AdAge has been profiling Lyor Cohen’s plans for 2018 as head of music at YouTube, including boiling down his pitch to artists, managers and labels as “We’re going to make you rich and famous”.
That includes providing financial support for music videos and promotion for new releases, as well as the previously-reported plans for a relaunched premium subscription service under the YouTube brand.
There are no direct quotes from Cohen on this, but the claim by AdAge that “subscribers will be able to listen to millions of songs on-demand, much like on Spotify, and access exclusive material, including videos and some songs that aren’t available for free” – as well as a hoped-for launch in the first half of 2018.
Other titbits: YouTube gave rapper G-Eazy “a few hundred thousand dollars” to make his ‘Overtime’ show, whose four episodes so far have generated 535k views on YouTube.

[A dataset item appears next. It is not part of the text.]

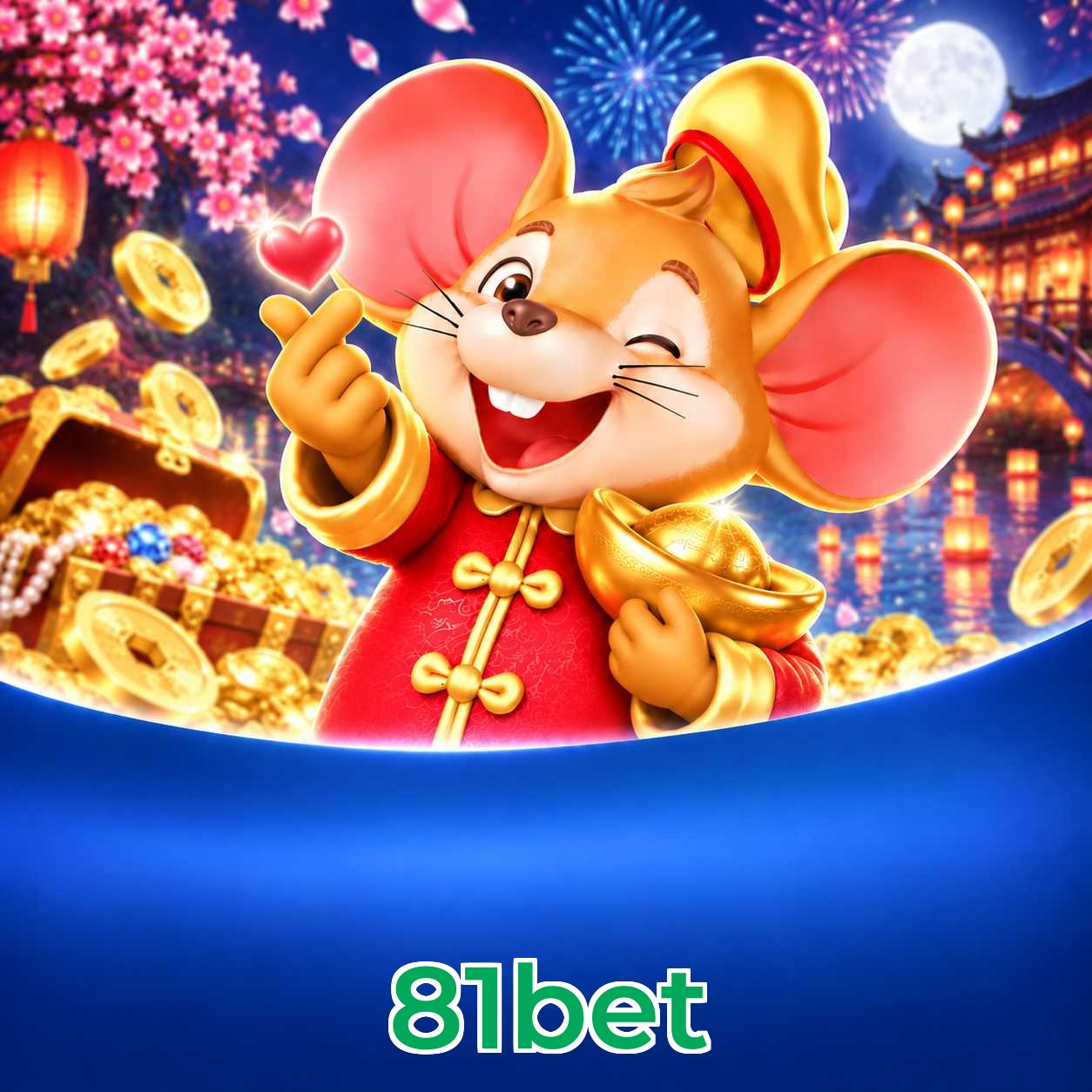 81bet Facebook - Página oficial com promoções e comunidade ativa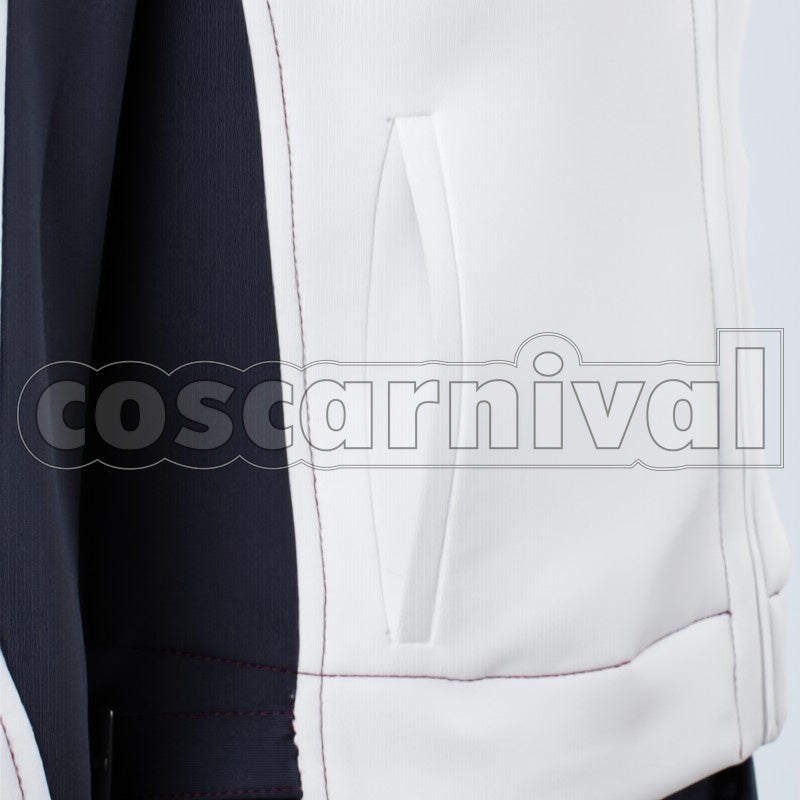 Rising- Barnaby Brooks Jr. cosplay costume from Tiger Bunny -The, detail-7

It’s also in talks with Demi Lovato about a follow-up to her ‘Simply Complicated’ documentary, which has been watched 12.8m times since its debut in October.
Also worth keeping tabs on: some labels’ disquiet over the perception that Cohen’s ‘rich and famous’ pitch is partly about sidelining labels to work directly with artists – against a backdrop of similar fretting over the strategies (or sometimes just the possible future strategies) of services like Apple Music and Spotify.